What is required: Look through the listing below for the line containing "法政大学が公開イベント「法政スポーツブランディング会議」を". Copy it and each line after it up to and including the line containing "ホルモンセンター　おかめ", exactly, leaving out pictures.

Data in this exercise:

────

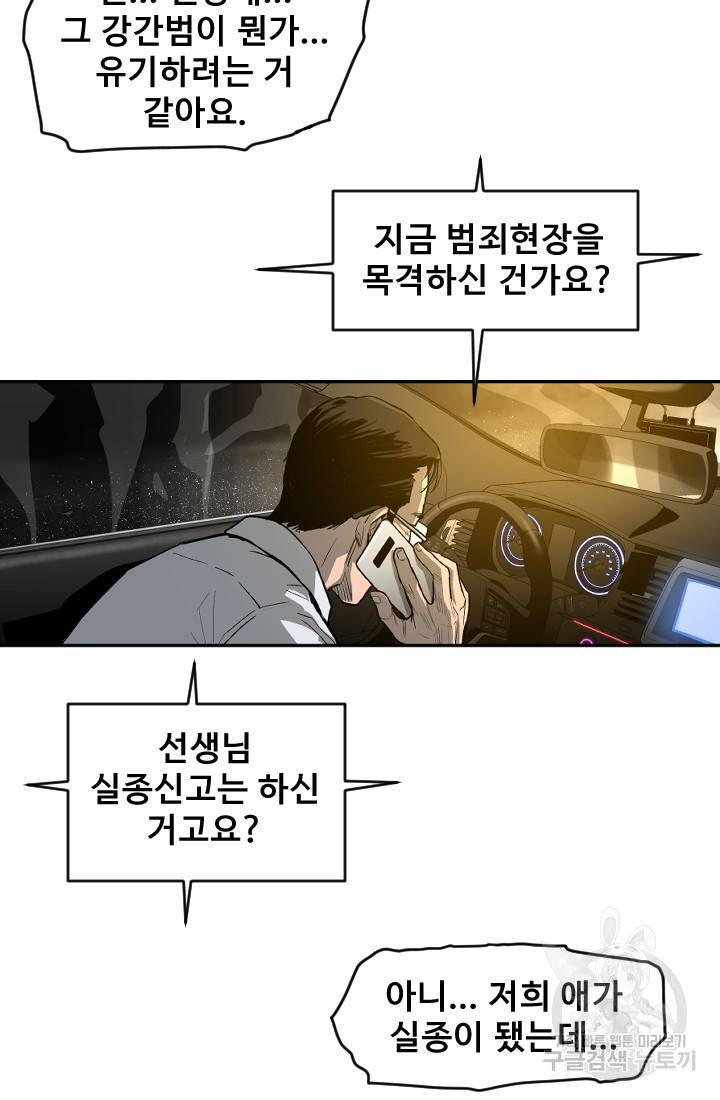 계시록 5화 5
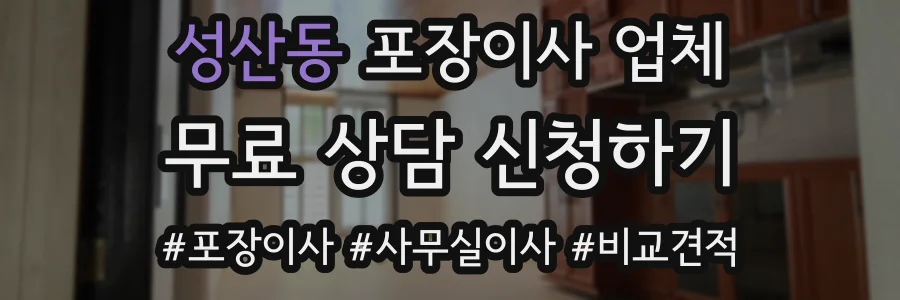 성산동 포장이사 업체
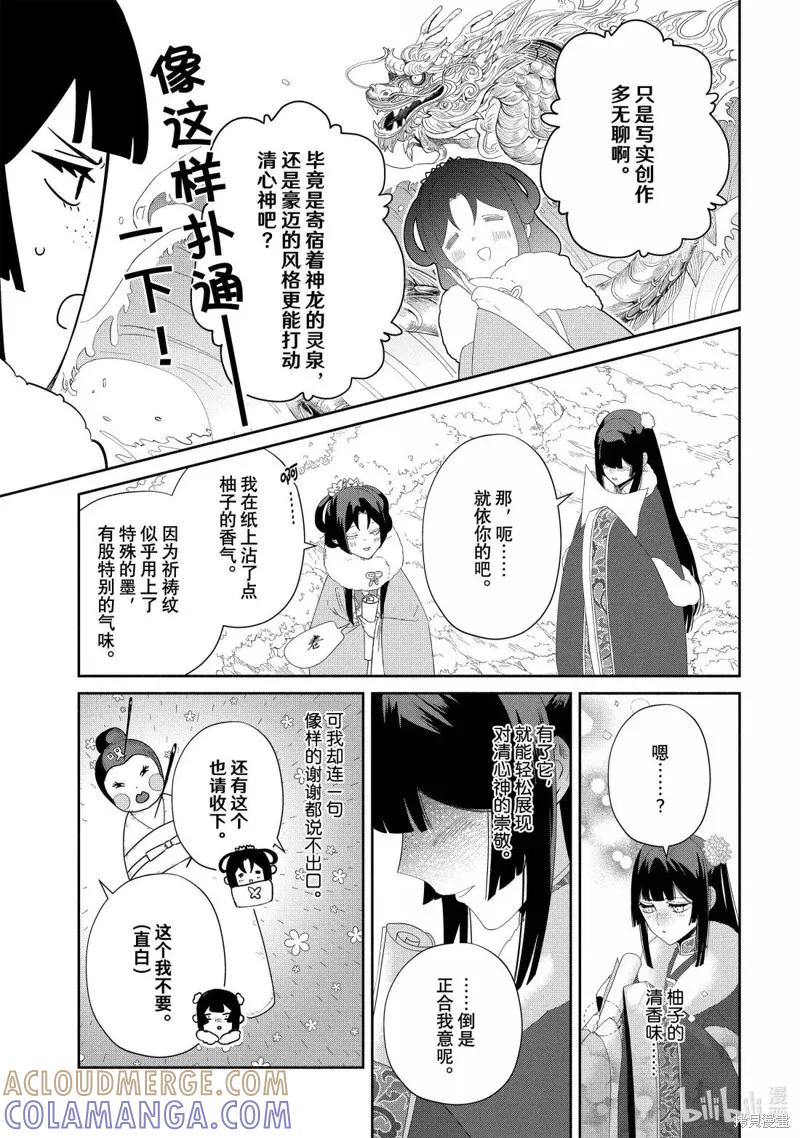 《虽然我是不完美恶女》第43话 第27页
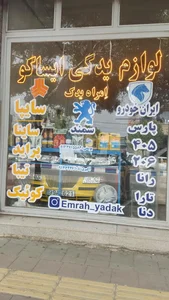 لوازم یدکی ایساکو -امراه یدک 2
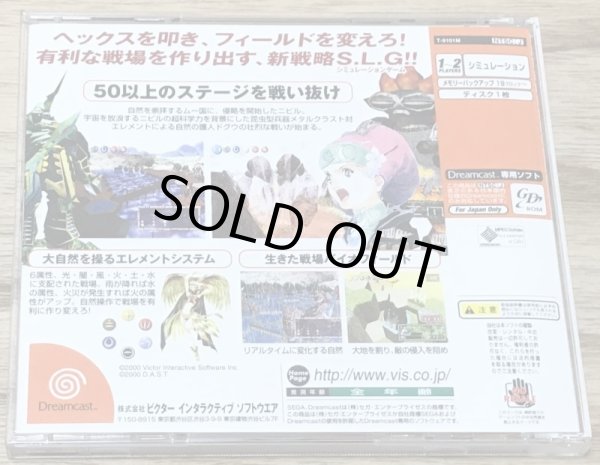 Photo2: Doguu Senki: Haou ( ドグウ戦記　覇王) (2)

────

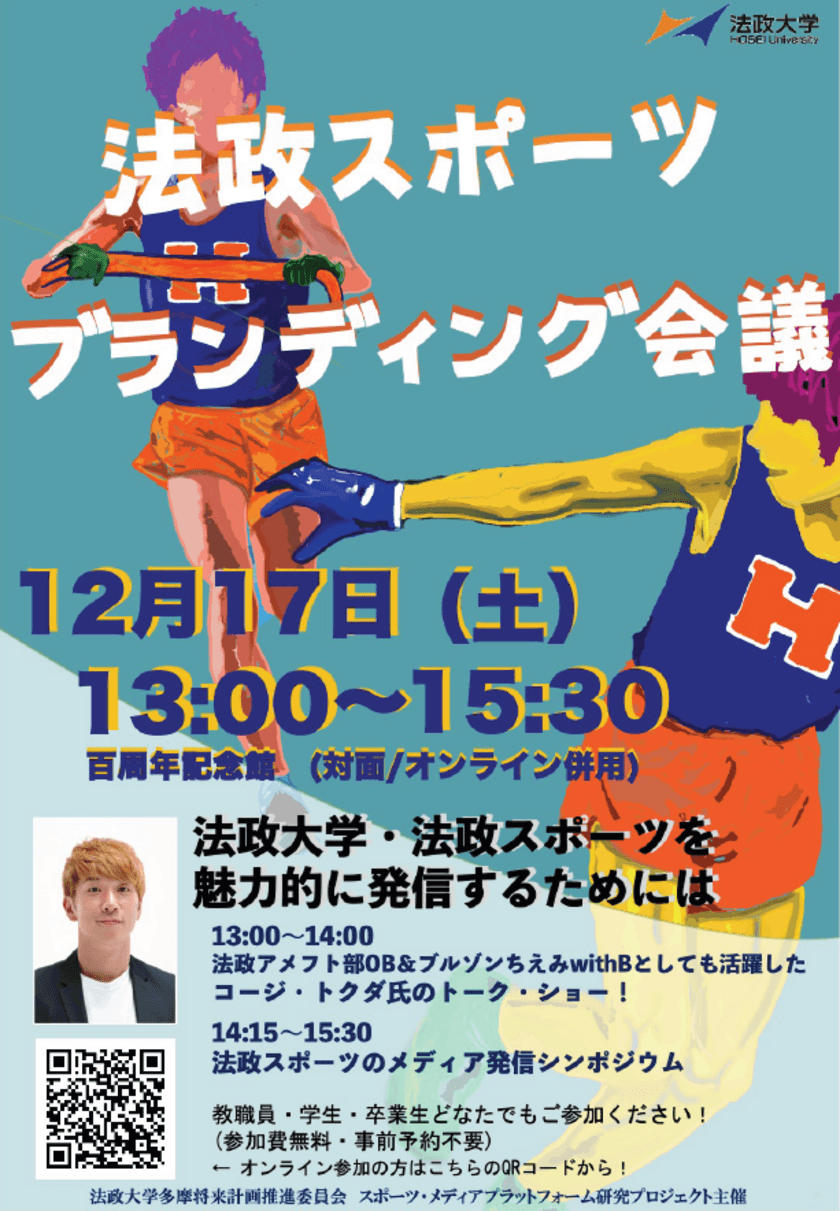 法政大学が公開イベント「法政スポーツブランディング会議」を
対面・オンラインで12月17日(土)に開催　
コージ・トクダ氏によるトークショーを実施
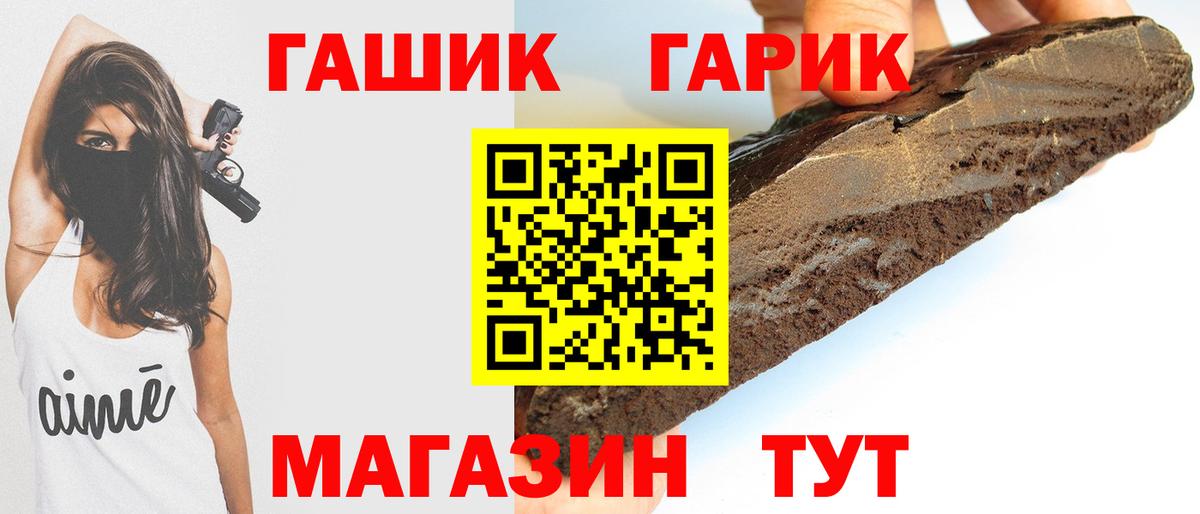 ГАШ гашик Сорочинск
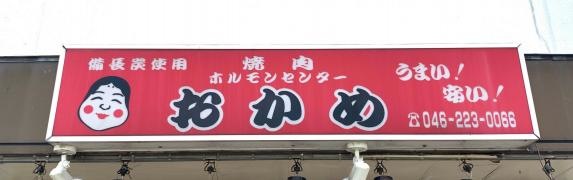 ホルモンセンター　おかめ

────

Answer box:
 法政大学が公開イベント「法政スポーツブランディング会議」を
対面・オンラインで12月17日(土)に開催　
コージ・トクダ氏によるトークショーを実施
 ГАШ гашик Сорочинск
 ホルモンセンター　おかめ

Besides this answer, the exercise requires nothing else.